First game Mattlingly manages and the Dodgers line-up card is screwed up and Dodgers go batting out of order. Donnie Baseball is not Donnie Manager. Give Wallach a shot.

I wish there would be a process to choose the next manager of the Dodgers and not just hand it over to Mattingly. The best candidate should get the job. If it's Mattingly, so be it, but if it is Wallach or someone else (including a minority which I believe MLB will require them to interview, right?), that person should get the job.

I like the attitude of Tim Wallach, but I'm sure he'd grow weary, eventually, if he's left back when Mattingly gets the job.
To me, it's a weird situation, since I can't understand why Mattingly will make such a great manager.

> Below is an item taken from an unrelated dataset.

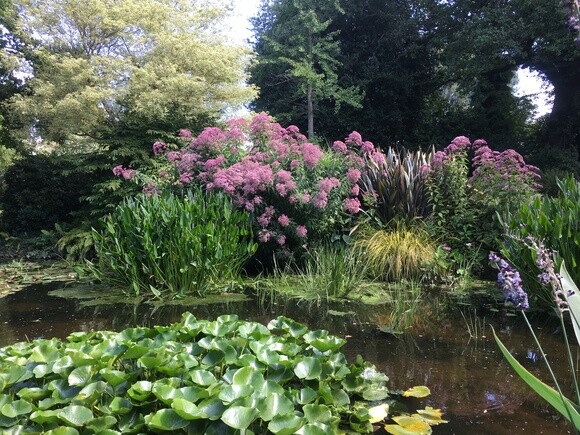 Planting successfully in summer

Wallach knows what the deal is...that Mattingly is the chosen one. Wallach is right, though...Mattingly must have learned a lot as Torre's bench coach. Well, we'll just wait and see. Who knows, if Mattingly can't cut it, maybe Wallach will get a shot after all.

Glenn Hoffma nwas not named manager. nor was he fired. He was always an interim manager, and it was well understood that he was not going to manage the team in '99.

The analogy between Mike Scioscia and Tim Wallach fits well. Both are great guys and you can see the scenario unfolding where Wallach will be passed over for a guy like Mattingly, who has never managed and has a short history with the Dodgers. Personally, I would love to see the reins handed over to Wallach sooner, rather than later.

Wallach deserves a shot. He earned it. Mattingly has never managed little league. This is a no brainer. Keep Mattingly as batting coach.

why was steve yeager never given a chance?